- Cleveland Township Location within the state of Minnesota Cleveland Township Cleveland Township (the United States)
- Coordinates: 44°18′43″N 93°49′42″W﻿ / ﻿44.31194°N 93.82833°W
- Country: United States
- State: Minnesota
- County: Le Sueur

Area
- • Total: 37.1 sq mi (96.2 km^{2})
- • Land: 33.4 sq mi (86.5 km^{2})
- • Water: 3.7 sq mi (9.7 km^{2})
- Elevation: 1,050 ft (320 m)

Population (2000)
- • Total: 615
- • Density: 18/sq mi (7.1/km^{2})
- Time zone: UTC-6 (Central (CST))
- • Summer (DST): UTC-5 (CDT)
- ZIP code: 56017
- Area code: 507
- FIPS code: 27-11890
- GNIS feature ID: 0663821

= Cleveland Township, Le Sueur County, Minnesota =

Township in Minnesota, United States

Cleveland Township is a township in Le Sueur County, Minnesota, United States. The population was 615 at the 2000 census.

==History==
Cleveland Township was organized in 1858, and named after Cleveland, Ohio.

==Geography==
According to the United States Census Bureau, the township has a total area of 37.2 sqmi, of which 33.4 sqmi is land and 3.7 sqmi (10.07%) is water.

==Demographics==
As of the census of 2000, there were 615 people, 218 households, and 173 families residing in the township. The population density was 18.4 PD/sqmi. There were 301 housing units at an average density of 9.0 /sqmi. The racial makeup of the township was 96.10% White, 2.44% Asian, 0.33% from other races, and 1.14% from two or more races. Hispanic or Latino of any race were 0.49% of the population.

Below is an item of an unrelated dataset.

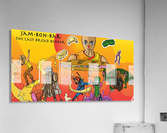 JamBonBar ThelastBreadBender Acrylic Print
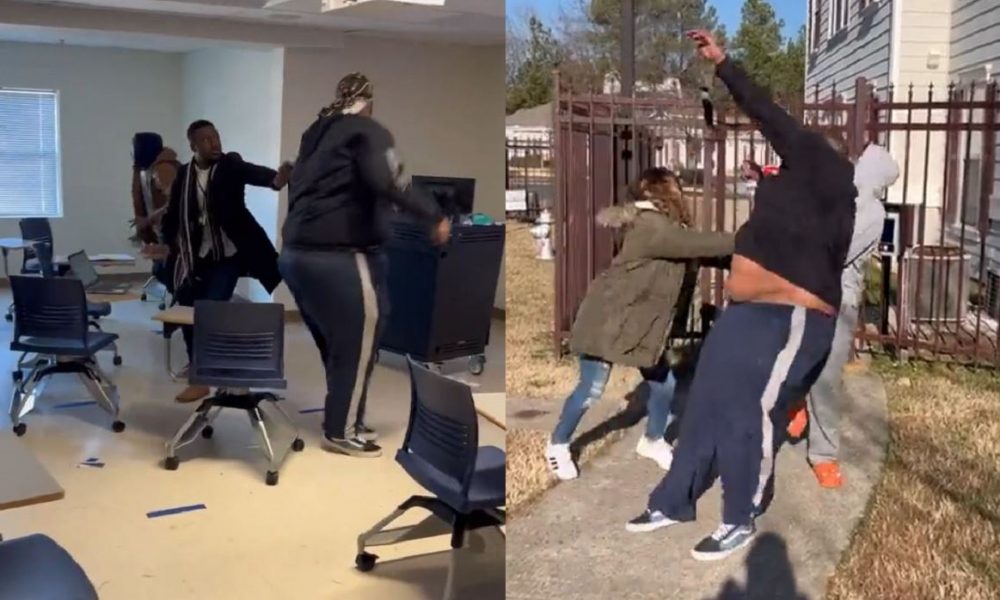 Trust Fall at Virginia State Pt.7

There were 218 households, out of which 34.9% had children under the age of 18 living with them, 71.1% were married couples living together, 4.6% had a female householder with no husband present, and 20.6% were non-families. 16.1% of all households were made up of individuals, and 6.0% had someone living alone who was 65 years of age or older. The average household size was 2.82 and the average family size was 3.14.

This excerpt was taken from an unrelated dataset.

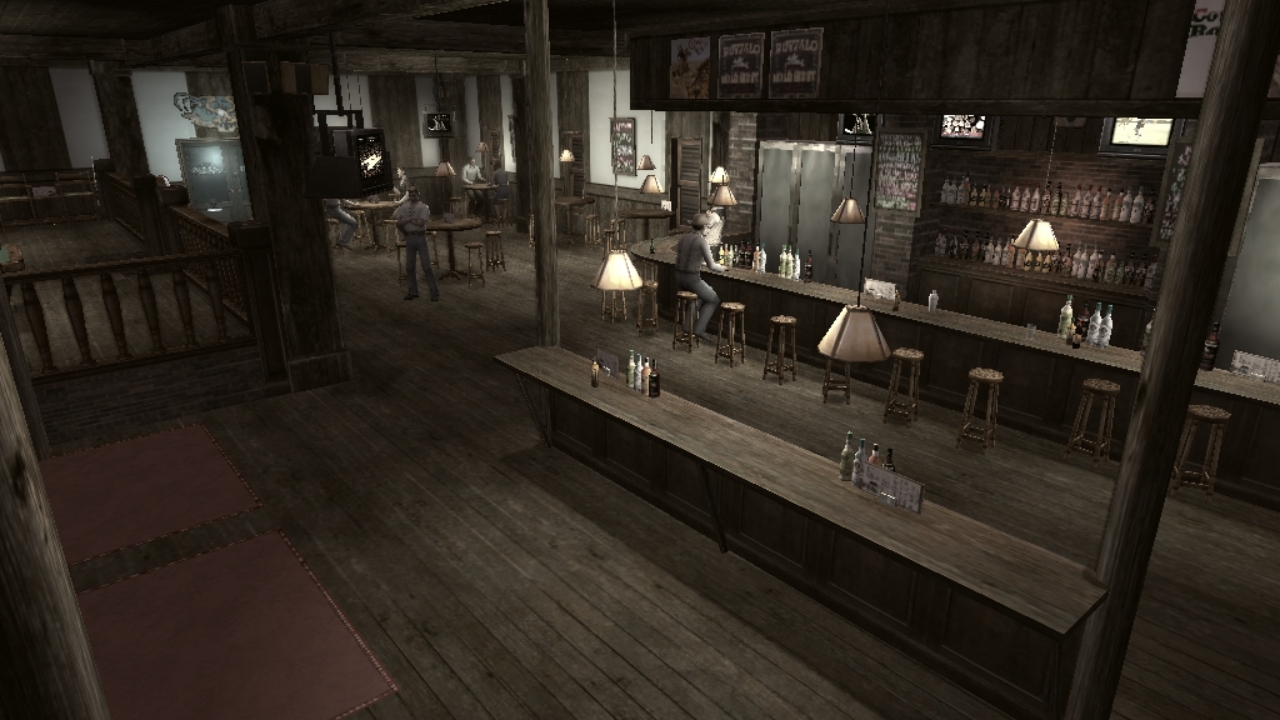 Screens Deadly Premonition PS3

In the township the population was spread out, with 25.7% under the age of 18, 6.8% from 18 to 24, 26.0% from 25 to 44, 29.9% from 45 to 64, and 11.5% who were 65 years of age or older. The median age was 41 years. For every 100 females, there were 114.3 males. For every 100 females age 18 and over, there were 111.6 males.

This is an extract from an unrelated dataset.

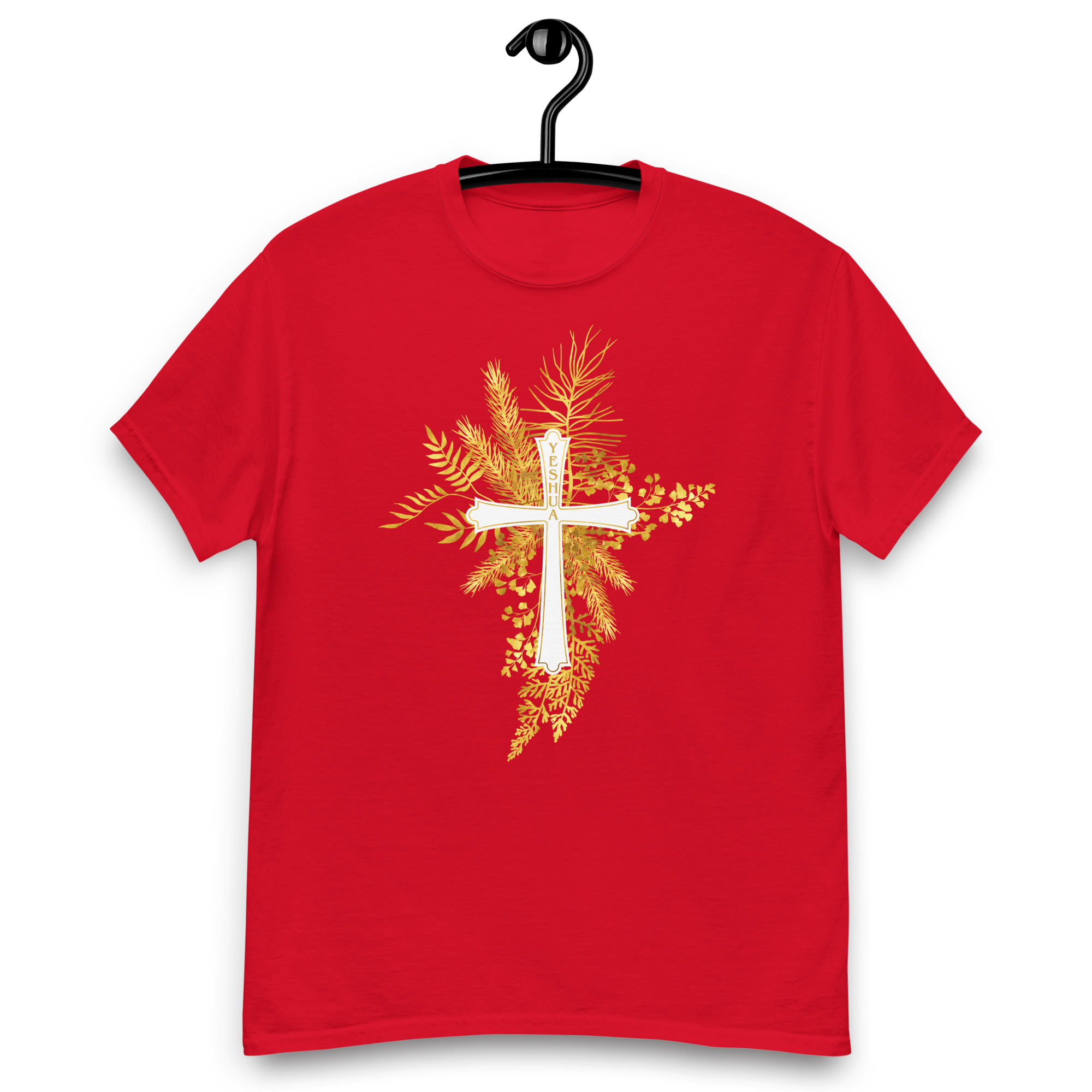 Yeshua – Golden Cross Edition | T-Shirt für alle – Bild 25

The median income for a household in the township was $50,972, and the median income for a family was $51,250. Males had a median income of $31,900 versus $22,019 for females. The per capita income for the township was $21,314. About 0.6% of families and 1.6% of the population were below the poverty line, including none of those under the age of eighteen or sixty-five or over.